While the vegetation clearing was in progress over the past two months, other cemetery maintenance and conditioning work also proceeded when needed. Vasyl noted that the invasive and poisonous borshchivnyk plant (also called giant hogweed) has been growing again in both cemeteries, so he used a spade to cut down the plants where he found them, hoping to retard their spread and reduce the risk of injury to volunteers working at the sites. This is a widespread problem in western Ukraine and will of course be a long-term care task for us until we are able to landscape the cemeteries with slow-growth ground cover.

Vasyl also noticed on his first visit to the new cemetery in May that the steel fence had further decayed next to the gate at the front of the site; some sections of the fence then broke apart and collapsed a few weeks later. Fortunately Vasyl is resourceful; he owns a welding rig, so during a short break in the rains in June he visited Rohatyn, made an electrical connection to the house of a friendly neighbor, and then reattached the fence posts and picket sections to the foundation and to each other. Now the life of the aging fence has been extended, and the gate works well again.

Another aspect of our regular work in Rohatyn is continuing this summer without our physical presence: Jewish headstone recovery from around the city. Following the discovery and recovery of several headstone fragments from a cellar in Rohatyn in April, a friend in the city contacted Marla on Facebook to report that she had found a carved fragment in building rubble at her family’s home across the river. Vasyl met with her a week ago and sifted through the pile of odd stones to check if there were any other carved pieces or visible Hebrew inscriptions, then took the one fragment to the old Jewish cemetery to join the hundreds of others we have collected there for safe-keeping. We depend on local people to alert us to these discoveries, and are very grateful that many people in Rohatyn know to contact us when headstone pieces are found.

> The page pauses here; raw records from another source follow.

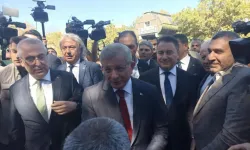 Ahmet Davutoğlu Adliyede İfade Verdi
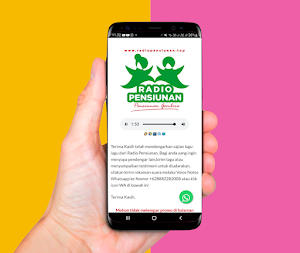 Radio Pensiunan Screenshot 0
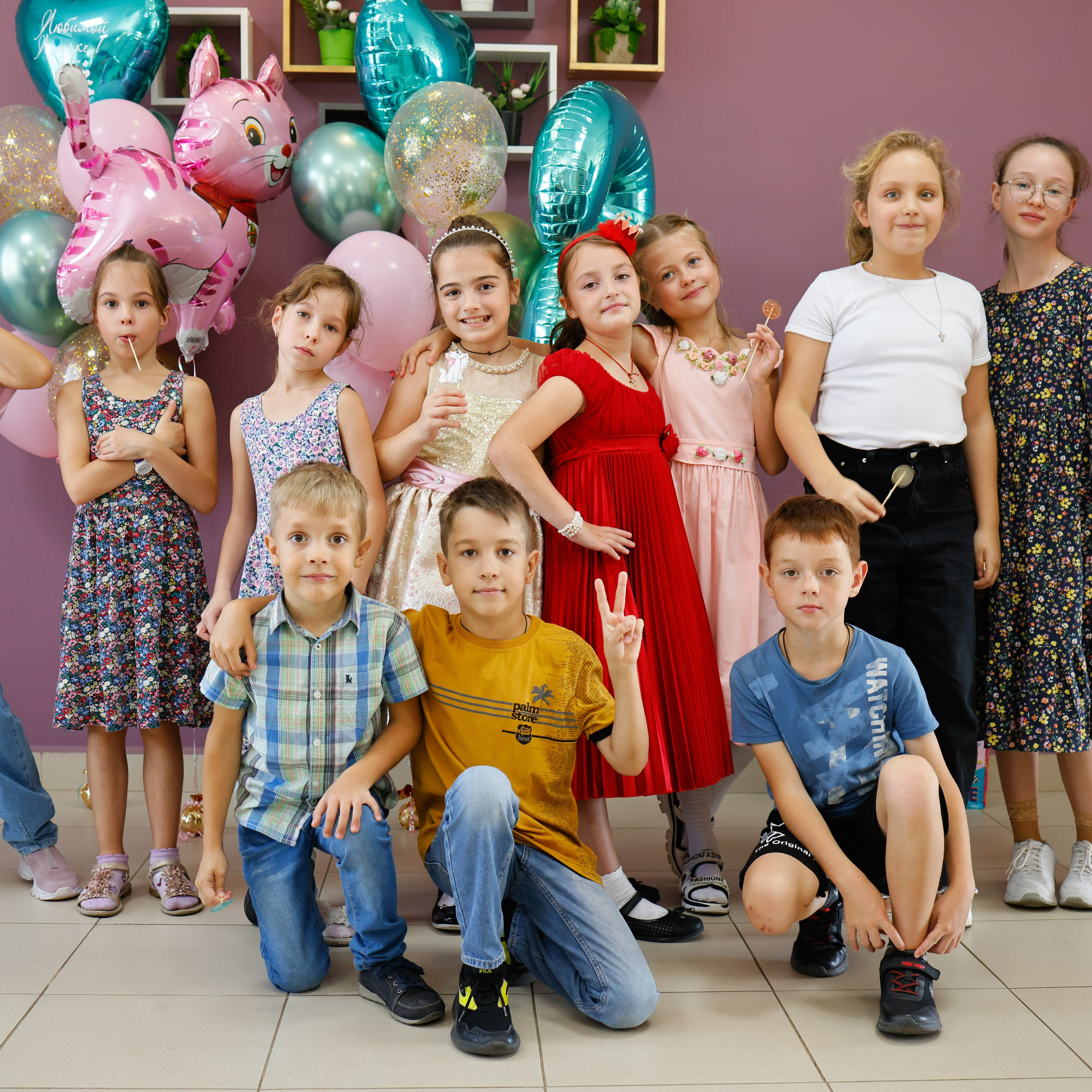 День рождения Лизы. Главная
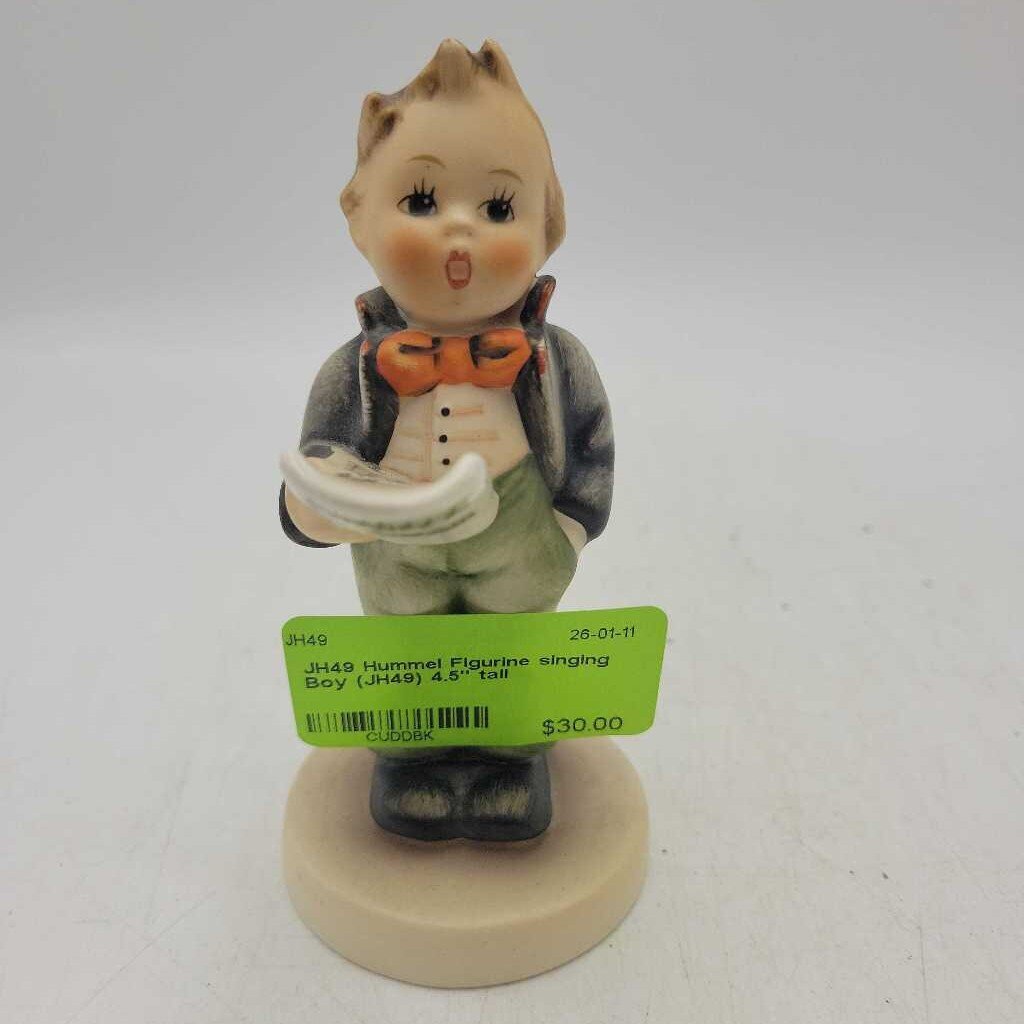 Hummel Figurine singing Boy (JH49)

And it’s not only the cemeteries which are getting attention this year. Like last year, we have contracted with Ihor Zalypko, an engineer at the Rohatyn vodokanal facility where the north mass grave is located, to care for the two mass graves in Rohatyn, and he is doing an excellent job on that, as seen in the photos taken by Vasyl during his periodic visits to each site. Ihor has been cutting grass and wild plants at both sites to clear an area around each of the memorial monuments, and planting small flowering shrubs along the walkways to the 1998 monuments. This has proven to be a good arrangement for us, and we hope Ihor will be willing to continue his work for many years.

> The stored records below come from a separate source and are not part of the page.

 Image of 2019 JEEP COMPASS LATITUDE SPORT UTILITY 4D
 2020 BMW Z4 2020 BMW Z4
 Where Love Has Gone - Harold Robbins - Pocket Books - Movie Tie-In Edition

Looking forward, as noted we hope the clearing work in the cemeteries can continue, when Vasyl and other volunteers have time. In normal years we try to make three complete passes in the old cemetery and at least two in the new cemetery. This year, because of the high and constant rainfall, we guess there is even more need for clearing, but the weather has also thickened and toughened the vegetation, slowing the work, especially for only a handful of volunteers. Marla and I recognize that it will be important to try to make a full pass in each cemetery near the end of the clearing “season”, so that the cemeteries are in good condition before winter and next spring won’t start with old difficulties. With some luck and some progress in control of the pandemic, we hope to be back in Ukraine to join that work later this year.